Actuellement, les candidats à l'octroi de la nationalité française par décret déposent leur dossier en préfecture, qui émet alors un "avis" à l'attention de l'administration centrale, basée à Rezé (Loire-Atlantique). Celle-ci instruit ensuite le dossier et donne la décision.
"La procédure actuelle créé des doublons entre les préfectures et l'administration centrale", estime le ministre de l'Immigration et de l'Identité nationale. "Il y a encombrement de demandes dans certaines préfectures. Cela pénalise les étrangers candidats à l'octroi de la nationalité française, et induit un délai de réponse trop lourd (20 mois en moyenne)."

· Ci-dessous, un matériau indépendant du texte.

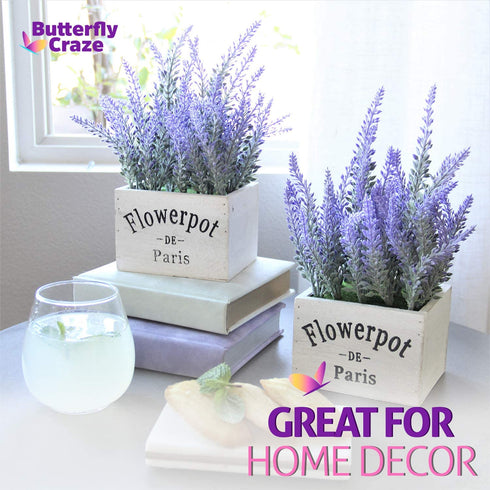 Butterfly Craze Artificial Lavender Plants in White Box Pots (Set of Two) Rustic Home Decor and Beautiful Lifelike Faux Silk Flower Arrangements for Kitchen, Office, Weddings & Beyond - White Boxes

"C'est un faux prétexte, qui cache des motivations idéologiques et politiques", est convaincu Laurent Poiraud, délégué syndical CFDT de la SDANF, qui a perturbé lundi matin le discours du ministre dans les locaux de l'administration centrale avec son homologue de la CGT.
Cette réforme va poser, selon le syndicaliste, des "problèmes d'équité" entre les candidats.
"Il y a 101 préfectures, avec 101 points de vue qui risquent d'être différents", redoute-t-il. "Cela risque de se faire à la tête du client."
L'administration centrale, qui emploie 160 agents administratifs à Rezé, craint également d'être "démantelée" à terme. Une vingtaine de postes vont être supprimés d'ici 2012 "en raison de la disparition de doublons", a dit Eric Besson.
"Dans quelques mois, les syndicats seront rationnels, ils verront qu'il n'y a pas d'intention maligne ou cachée dans cette réforme", a-t-il ajouté.
La France a naturalisé plus de 117.000 étrangers en 2008, selon le ministère de l'Immigration. Près de 87.000 naturalisations se font faites par décret, et 29.000 par déclaration (mariage, mineurs, etc.)